El profeta Miqueas era de Judá y de profesión un campesino, lo mismo que Amós, con el que tiene grandes semejanzas. Vivió en tiempo de los profetas Oseas e Isaías y desarrolló su actividad antes y después de la toma de Samaria hacia el año 721. Castigó a los ricos acaparadores, a los comerciantes fraudulentos, a los jueces venales, a los sacerdotes y profetas codiciosos…, y anunció un juicio de Dios contra su pueblo. Sin embargo, mantuvo la esperanza en la salvación de un «resto» y anunció el establecimiento de la dinastía de David.
EL «jefe de Israel» que ha de venir, el Mesías, será como un David redivivo (cf. Am 9,11; Os 3, 5). Nacerá en Belén lo mismo que David (1 Sm 17, 12; 20, 6). Por esta razón, Miqueas parece dar el sentido etimológico de fecunda al nombre de Efrata que lleva la región de Belén. Yahvé, que se complace en hacer grandes cosas de lo pequeño y lo humilde, ha puesto sus ojos en Belén de Efrata. Mateo refiere este texto expresamente al nacimiento de Jesús en Belén (Mt 2,5s; cf. Jn 7,42).
Seguramente el profeta se refiere al origen de este «jefe de Israel» en un sentido mucho más profundo y lo sitúa al principio de todos los tiempos. Se insinúa la misma concepción del «hombre primordial» que aparece en el NT cuando se llama a Cristo el segundo «Adán» (Rom 5, 12s; 1 Cor 15, 22. 25s).
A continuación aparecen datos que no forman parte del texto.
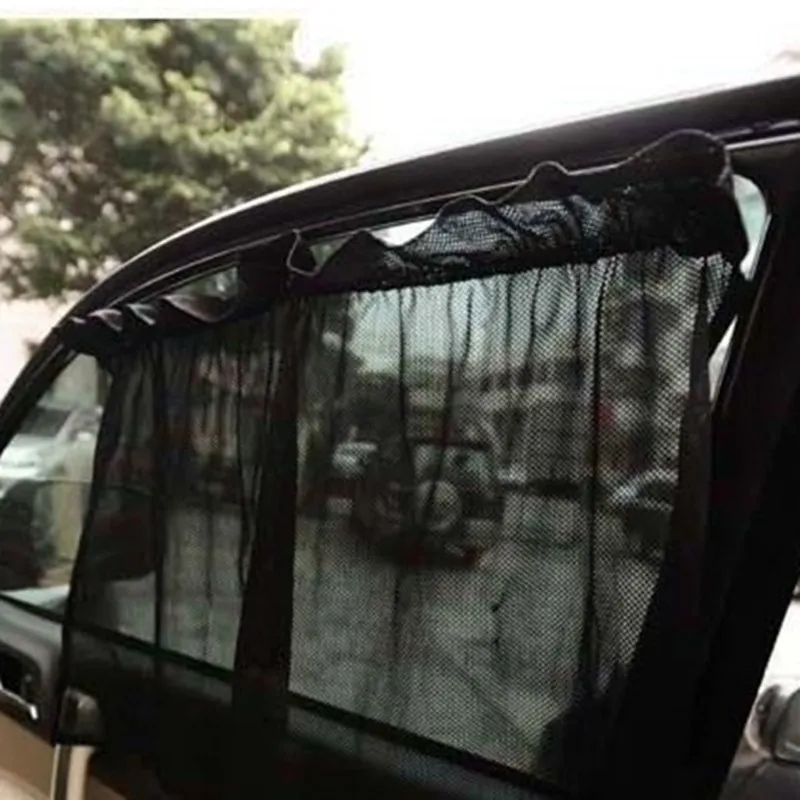 

2PCS Car Suction Cup Curtain Sunshade Black Gauze Mesh Installed Summer Sun Shade Curtain Sunscreen Car Interior Accessories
Con lo cual se tiende un puente entre la economía de la creación y de la salvación: en el plan de Dios, ya desde el principio, se contaba con el adviento del Mesías. Por tanto, el reino mesiánico no es simplemente continuación o restauración del reino de David, sino la revelación del misterio de Dios y del último sentido de toda la historia y aun de la creación.
Se habla aquí de la madre del Mesías. Miqueas hace referencia al famoso oráculo de Isaías (7, 14), en el que se dice que el Emmanuel nacerá de una «virgen» (que es como traducen los Setenta el término hebreo «ahlma», que de suyo significa «recién casada»). El oráculo de Isaías fue pronunciado unos treinta años antes que éste de Miqueas. El establecimiento del reino mesiánico supondrá la reunión de todos los hijos de Israel y la extensión de la paz y la seguridad a todo el mundo (cf. 4, 4; Is 9,6; 11, 6-10).
3. SALMO 79
Oh Dios, restáuranos, que brille tu rostro y nos salve.
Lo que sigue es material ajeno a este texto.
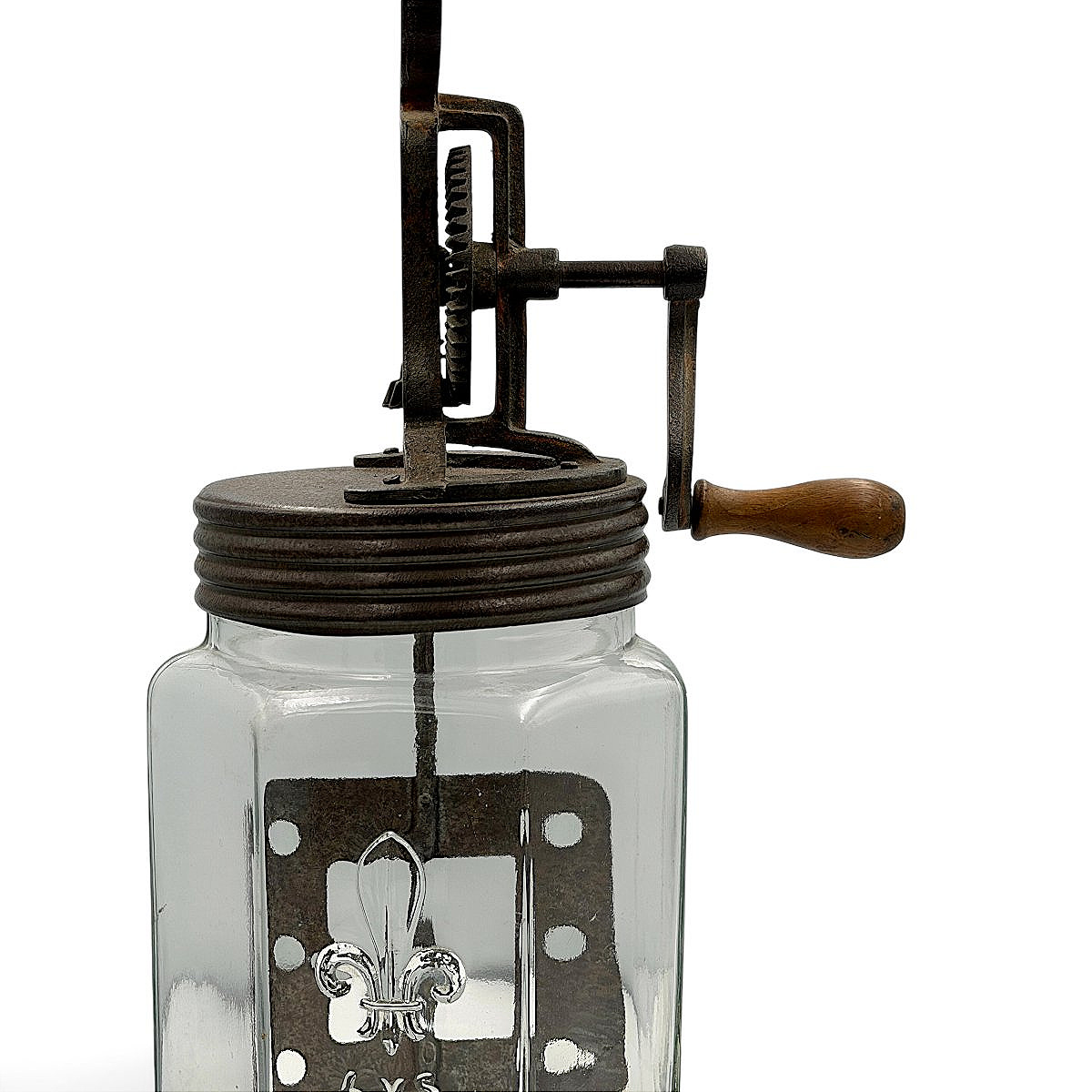 Glass Butter Churn With A Raised Fleur-de-lis Design - Folk Art, Circa 1930 - H30 Cm-photo-2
Pastor de Israel, escucha, tú que te sientas sobre querubines, resplandece. Despierta tu poder y ven a salvarnos.
Dios de los ejércitos, vuélvete: mira desde el cielo, fíjate, ven a visitar tu viña, la cepa que tu diestra plantó, y que tú hiciste vigorosa.
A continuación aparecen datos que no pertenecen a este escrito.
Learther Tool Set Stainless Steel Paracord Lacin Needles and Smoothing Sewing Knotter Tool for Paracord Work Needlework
Que tu mano proteja a tu escogido, al hombre que tú fortaleciste, no nos alejaremos de ti: danos vida, para que invoquemos tu nombre.
Comentario: El salmo 79 es la oración de Israel ante una gran desgracia. El enemigo ha invadido el territorio nacional y ha destruido la ciudad y el templo, y Dios parece mostrarse indiferente y callado ante tamaña desgracia: «Pastor de Israel, ¿hasta cuándo estarás airado?; mira desde el cielo, fíjate y ven a visitar tu viña, suscita, Señor, un nuevo rey que dirija las victorias de tu pueblo, fortalece un hombre haciéndole cabeza de Israel y que tu mano proteja, a éste, tu escogido.»
Con este salmo podemos hoy pedir por la Iglesia y sus pastores. También el nuevo Israel sucumbe frecuentemente ante el enemigo, y le falta mucho para ser aquella vid frondosa que atrae las miradas de quienes tienen hambre de Dios: «Tú, Señor, elegiste a la Iglesia para que llevara fruto abundante, tú la quisiste universal, quisiste que su sombra cubriera las montañas, que extendiera sus sarmientos hasta el mar; y, fíjate, sus enemigos la están talando, su mensaje topa con dificultades, su Evangelio, con frecuencia, es adulterado; pon tus ojos sobre tu Iglesia, despierta tu poder y ven a salvarnos, que tu mano proteja a los pastores, a nuestro obispo, el hombre que tú fortaleciste para guiar a tu Iglesia. Ven, Señor Jesús, y sálvanos.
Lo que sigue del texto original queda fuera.